Scrapy CSS selector to select one of multiple similar types tags


I would like to know to select data from a specific tags structure out of multiple similar tags structure. For example, consider below structures. Now i would like to only select data out of first "vcol" so that i can read ITEM1, ITEM2, ITEM3, ITEM4.

<div class="main">

    <div class="vcol">
        <div class="cls">
            <ul class="ul_style">
                <li class="li_style"> <h3 class="item"> ITEM1 </h3></li>
                <li class="li_style"> <h3 class="item"> ITEM2 </h3></li>
                <li class="li_style"> <h3 class="item"> ITEM3 </h3></li>
                <li class="li_style"> <h3 class="item"> ITEM4 </h3></li>
            </ul>
        </div>
    </div>

    <div class="vcol">
        <div class="cls">
            <ul class="ul_style">
                <li class="li_style"> <h3 class="item"> ITEM5 </h3></li>
                <li class="li_style"> <h3 class="item"> ITEM6 </h3></li>
                <li class="li_style"> <h3 class="item"> ITEM7 </h3></li>
                <li class="li_style"> <h3 class="item"> ITEM8 </h3></li>
            </ul>
        </div>
    </div>

    <div class="vcol">
        <div class="cls">
            <ul class="ul_style">
                <li class="li_style"> <h3 class="item"> ITEM9 </h3></li>
                <li class="li_style"> <h3 class="item"> ITEM10 </h3></li>
                <li class="li_style"> <h3 class="item"> ITEM11 </h3></li>
                <li class="li_style"> <h3 class="item"> ITEM12 </h3></li>
            </ul>
        </div>
    </div>
    
</div>

If i write scrapy code as below, i am getting all ITEMS1 - 12.

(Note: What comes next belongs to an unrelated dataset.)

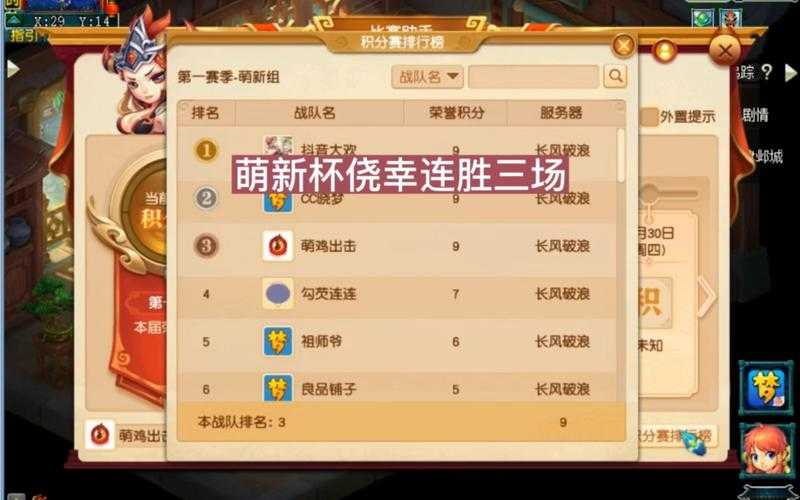 梦幻西游萌新杯赛程表 去年 赛程表,奖励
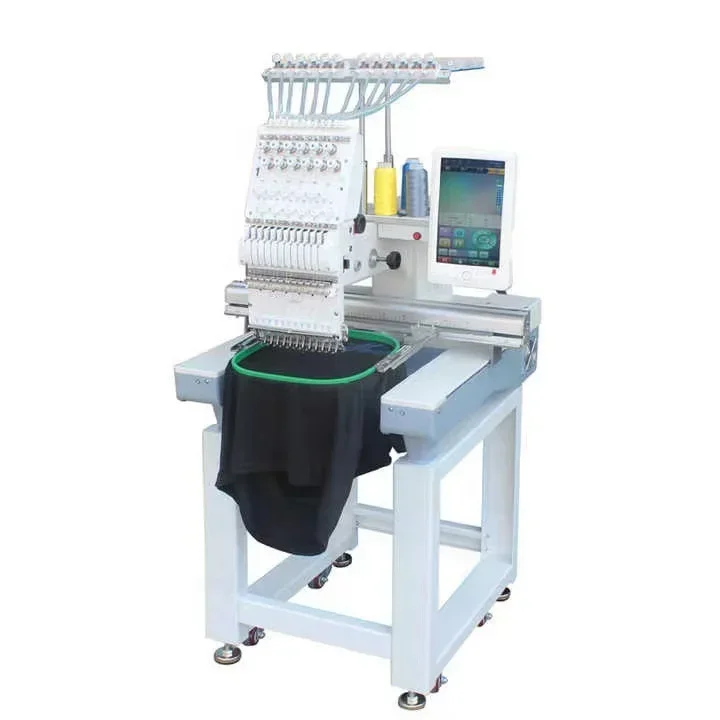 12 Needle/15 Needle Hat Clothing Mini Industrial Digital Single Head Flat Sewing Fully Automatic Computerized Embroidery Machine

for item in response.css('.vcol .cls .ul_style li'):
    item.css('h2 ::text').extract_first()

Any suggestion, how to get only ITEM1-4 ?

Tried to loop through different classes, however i am always getting all items


Solution

  • As mentionned in my comments, you can use the :nth-child() CSS selector to only match the first <div class="vcol">.

    Then, I don't think it's worth doing two CSS queries as you effectively have one single ITEM* per <li>. So you could use .vcol:nth-child(1) h3 or .vcol:nth-child(1) .item to select the HTML tags you want to extract.